Brief descriptive captions —
======

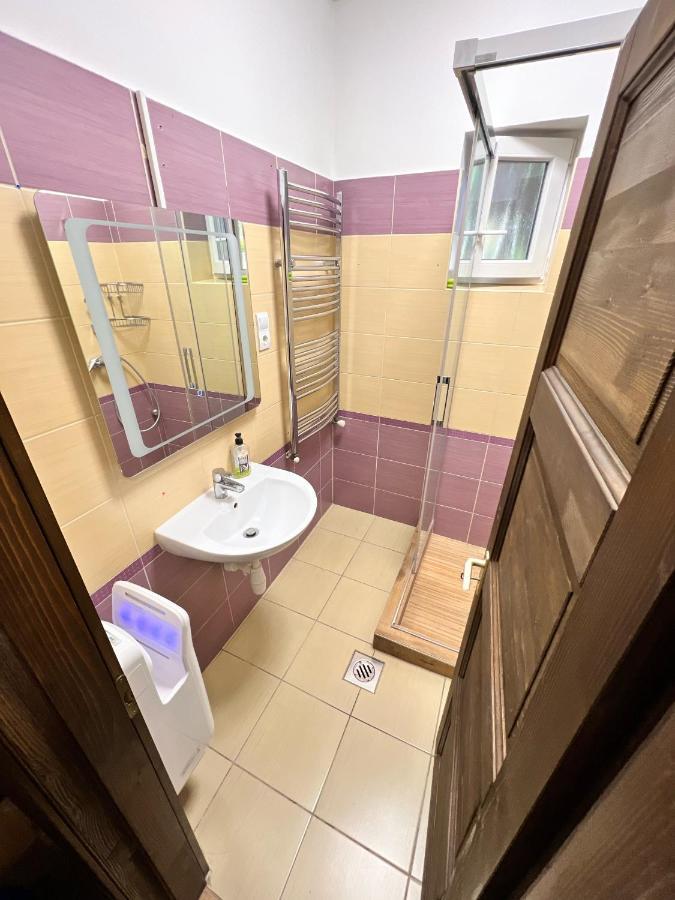 Feher Galamb Apartman Gyál Buitenkant foto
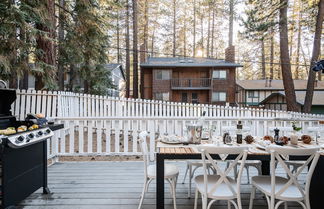 Photo 2 - Hartwood by Avantstay Cozy Big Bear Abode w/ Spacious Deck & Stone Fireplace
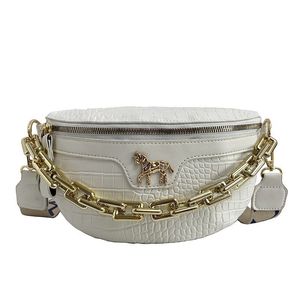 Taillezakken Dikke ketens Fanny Pack Leather Bag Luxuremerk Schouder Crossbody Chest Fashion Mini Female Belt Portes 230310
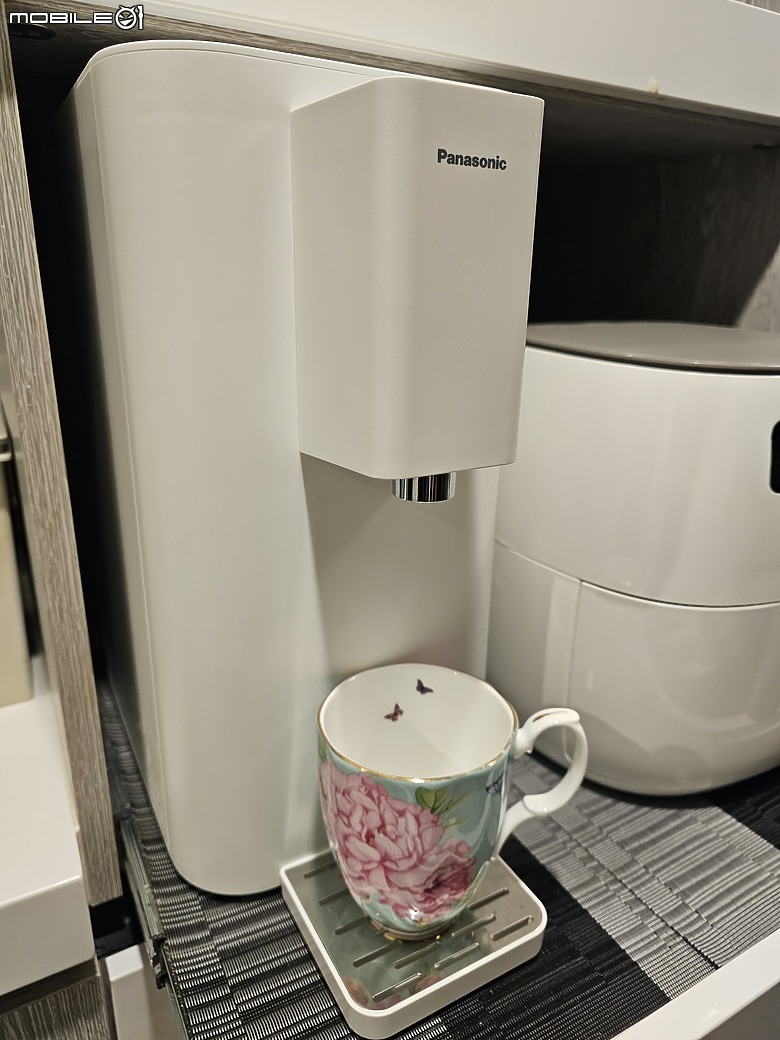 點我看大圖 Panasonic RO瞬熱開飲機(TK-SMRN1):新手爸媽的居家飲水革命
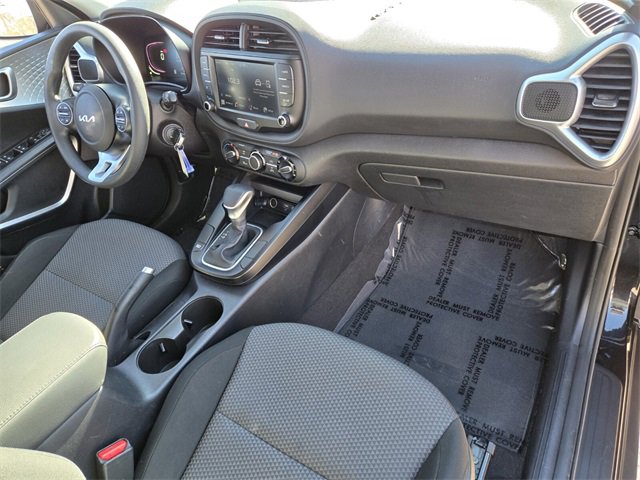 Used 2023 Kia Soul LX w/ LX Technology Package image 21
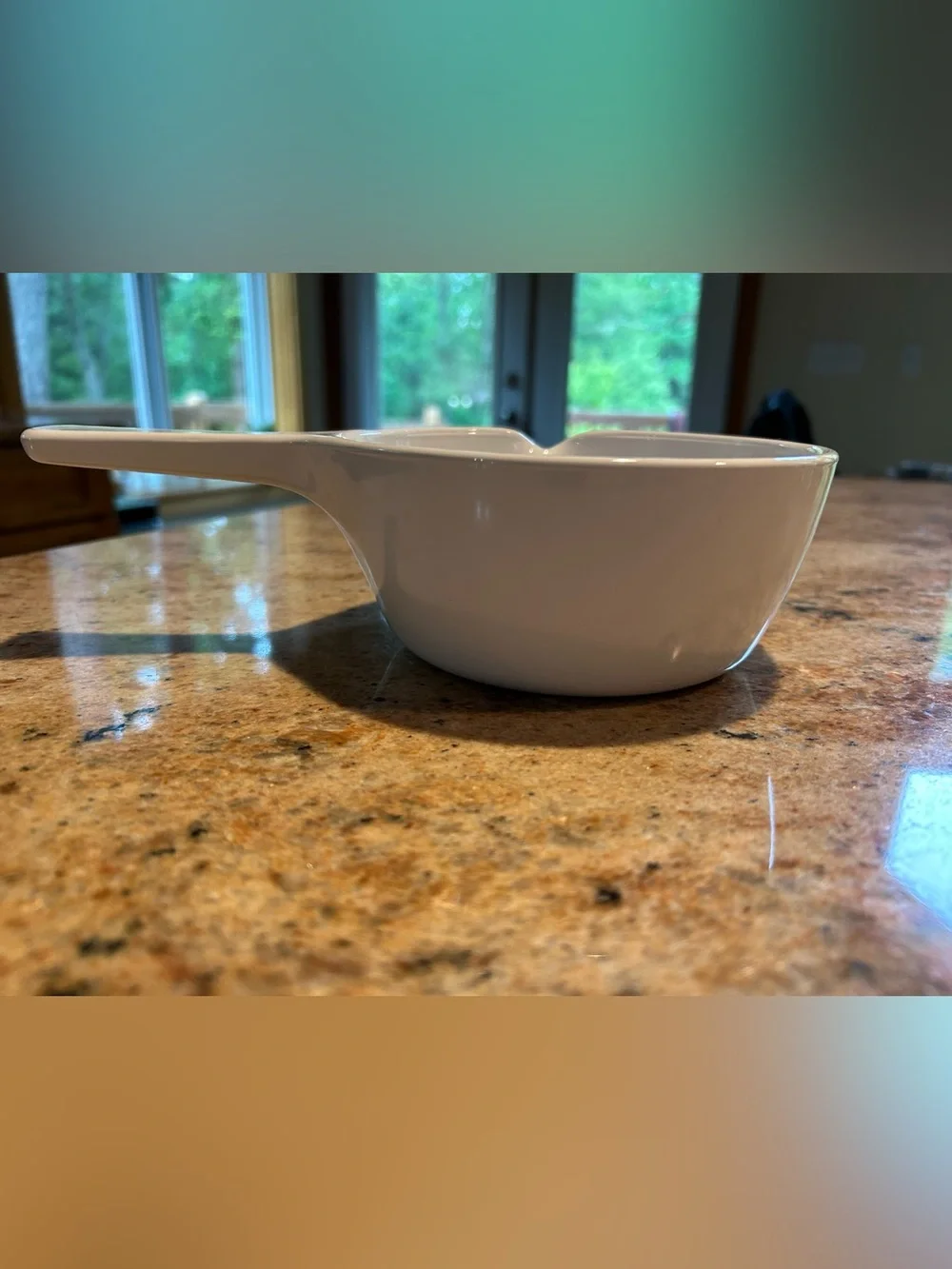 CorningWare “Just White” #P-82-B 24 oz Spouted Sauce Pot w/ Pyrex Lid #P-81-C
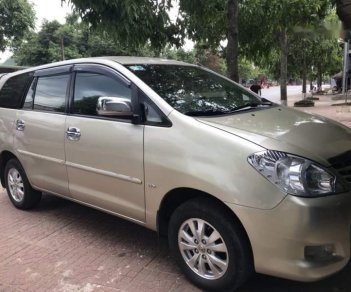 Toyota Innova   2.0   2009 - Cần bán Toyota Innova 2.0 sản xuất 2009, xe vẫn đang sử dụng bình thường không lỗi lầm gì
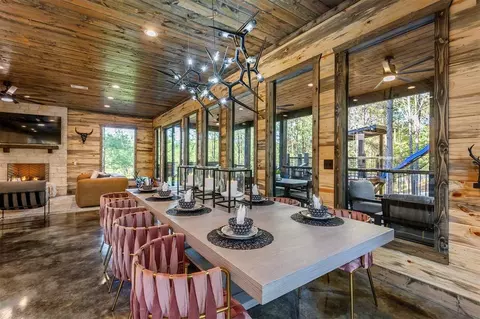 Dining - 345 Boulder Path, Broken Bow, OK 74728 photo 3 of 3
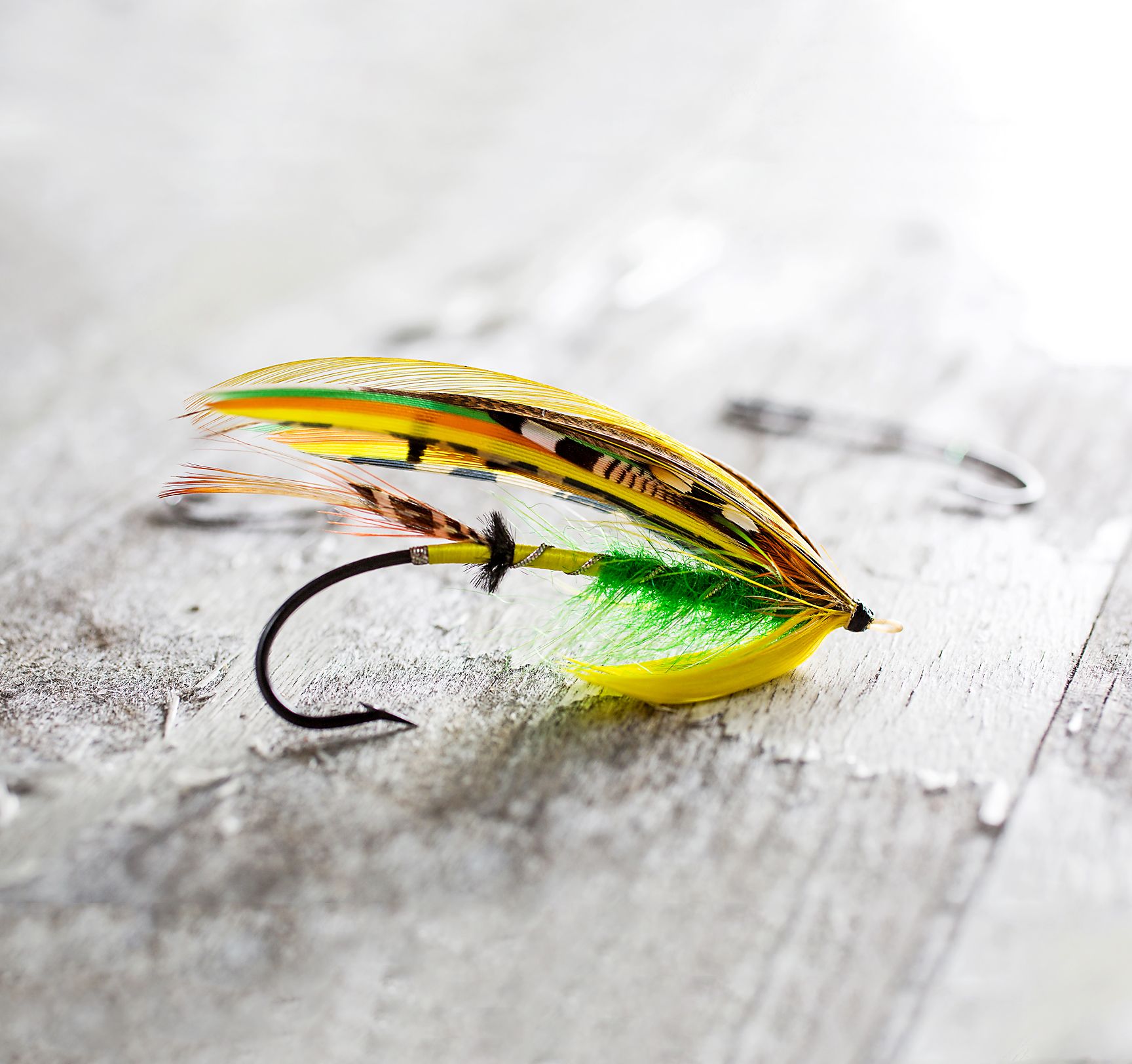 Klassisen lohiperhon sidonta on saavutus, josta Katri on ylpeä. Työ vaatii tunteja.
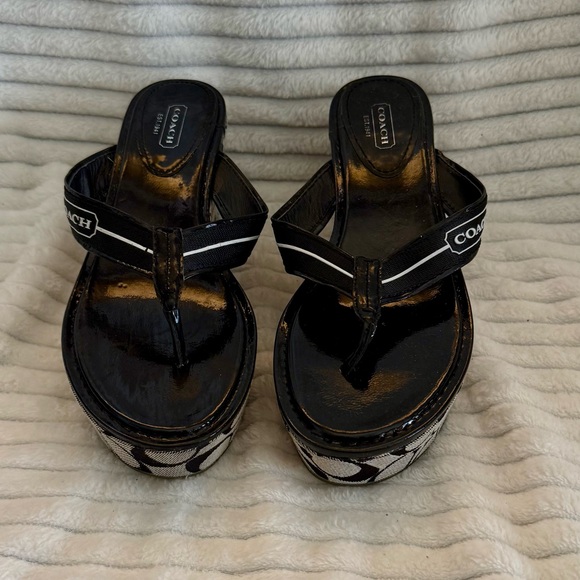 Coach Nella signature monogram wedge sandals - Picture 2 of 4
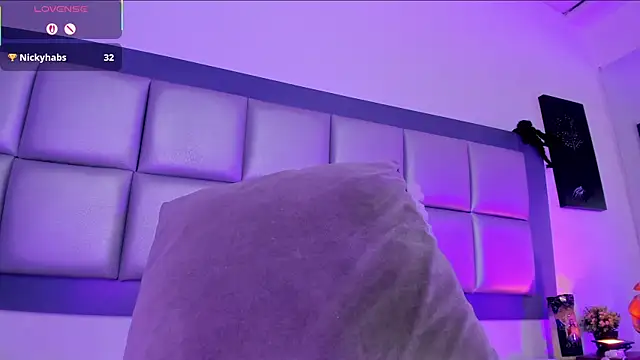 april_jones05 live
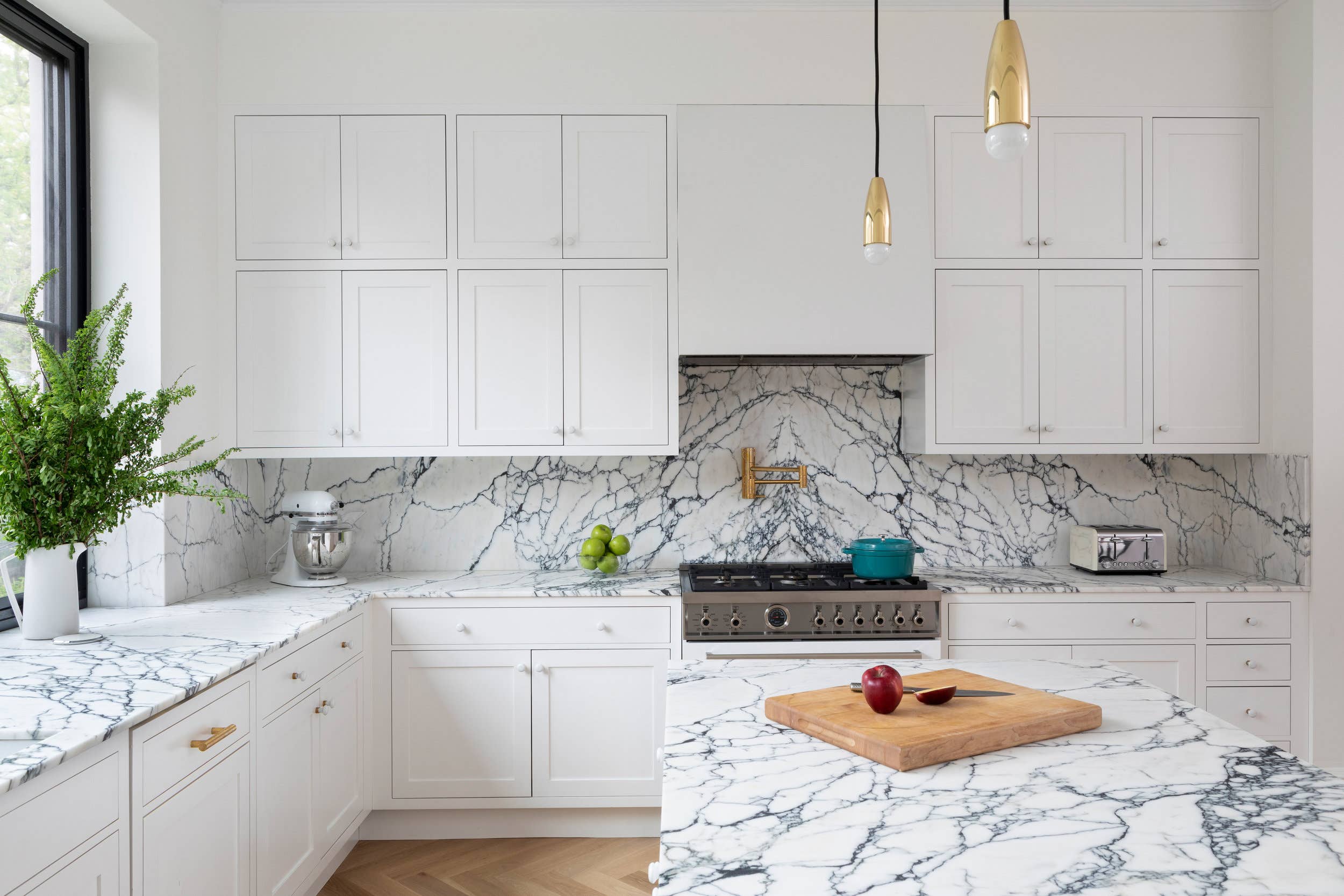 bold marble kitchen countertops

======

WHAT YOU SHOULD DO — Your copy should consist solely of the lines from the line containing "không lỗi lầm gì" through the last line of the records above, reproduced exactly, with the pictures left out.

TASK SOLUTION —
 Toyota Innova   2.0   2009 - Cần bán Toyota Innova 2.0 sản xuất 2009, xe vẫn đang sử dụng bình thường không lỗi lầm gì
 Dining - 345 Boulder Path, Broken Bow, OK 74728 photo 3 of 3
 Klassisen lohiperhon sidonta on saavutus, josta Katri on ylpeä. Työ vaatii tunteja.
 Coach Nella signature monogram wedge sandals - Picture 2 of 4
 april_jones05 live
 bold marble kitchen countertops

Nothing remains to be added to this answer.